Wilson Therapeutics AB
- Company type: Public company
- Traded as: OMX: WTX
- Industry: Pharmaceutical industry
- Founded: 2012
- Headquarters: Stockholm, Sweden
- Products: Decuprate
- Parent: Alexion Pharmaceuticals
- Website: www.wilsontherapeutics.com

= Wilson Therapeutics =

Swedish biopharmaceutical company

Wilson Therapeutics is a biopharmaceutical company, based in Stockholm, Sweden, that develops novel therapies for rare diseases. The company is listed in the Mid-Cap segment on Nasdaq Stockholm with the stock ticker WTX.

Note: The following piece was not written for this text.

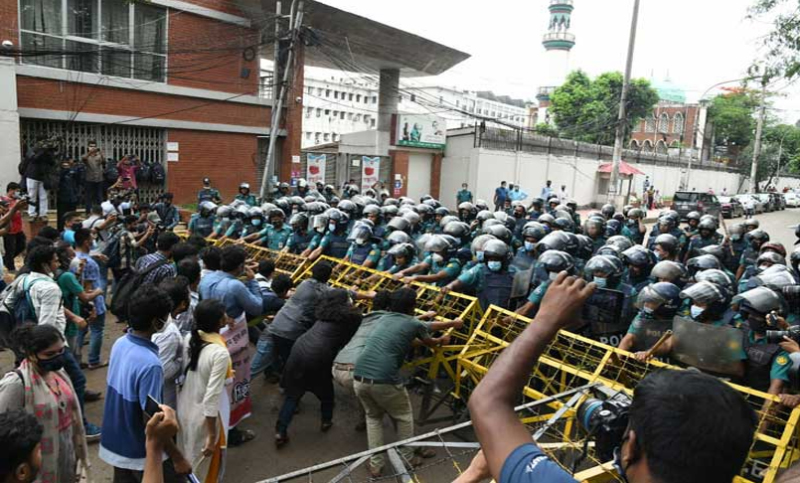 শিক্ষাপ্রতিষ্ঠান খুলে দেওয়াসহ চার দাবিতে ছাত্র সংগঠনগুলোর বিক্ষোভ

Wilson Therapeutics' lead product, Decuprate, is the proprietary bis-choline salt of tetrathiomolybdate. Decuprate is initially being developed as a novel treatment for Wilson's disease, a rare genetic disease that affects approximately 1 in 30,000, causing copper overload in the liver, brain and other tissues and resulting in organ damage and dysfunction. Decuprate has been granted orphan drug designation for the treatment of Wilson's disease in both Europe and the United States. Wilson Therapeutics presented during the 10th Kempen & Co Life Sciences Conference 2017 and showed the world the result with the drug Decuprate. The company also presented during the international investmentconference Bioequity Europe in Paris, France, on May 23, 2017, and showed some promising result.

== Clinical trials ==
As of 2016, tetrathiomolybdate had been tested in over 500 patients for up to seven years, primarily in oncology and Wilson's disease, as well as some other clinical pathologies.

==History==
Wilson Therapeutics was founded in 2012 by HealthCap, one of the leading European life science venture capital funds. In 2014, Wilson Therapeutics closed a $40 million Series B financing co-led by new investors, Abingworth LLP, MVM Life Science Partners LLP and NeoMed Management AS. HealthCap also participated in the round. On April 29, 2016, Wilson Therapeutics announced its initial public offering on Nasdaq Stockholm and had its first day of trading on May 12, 2016.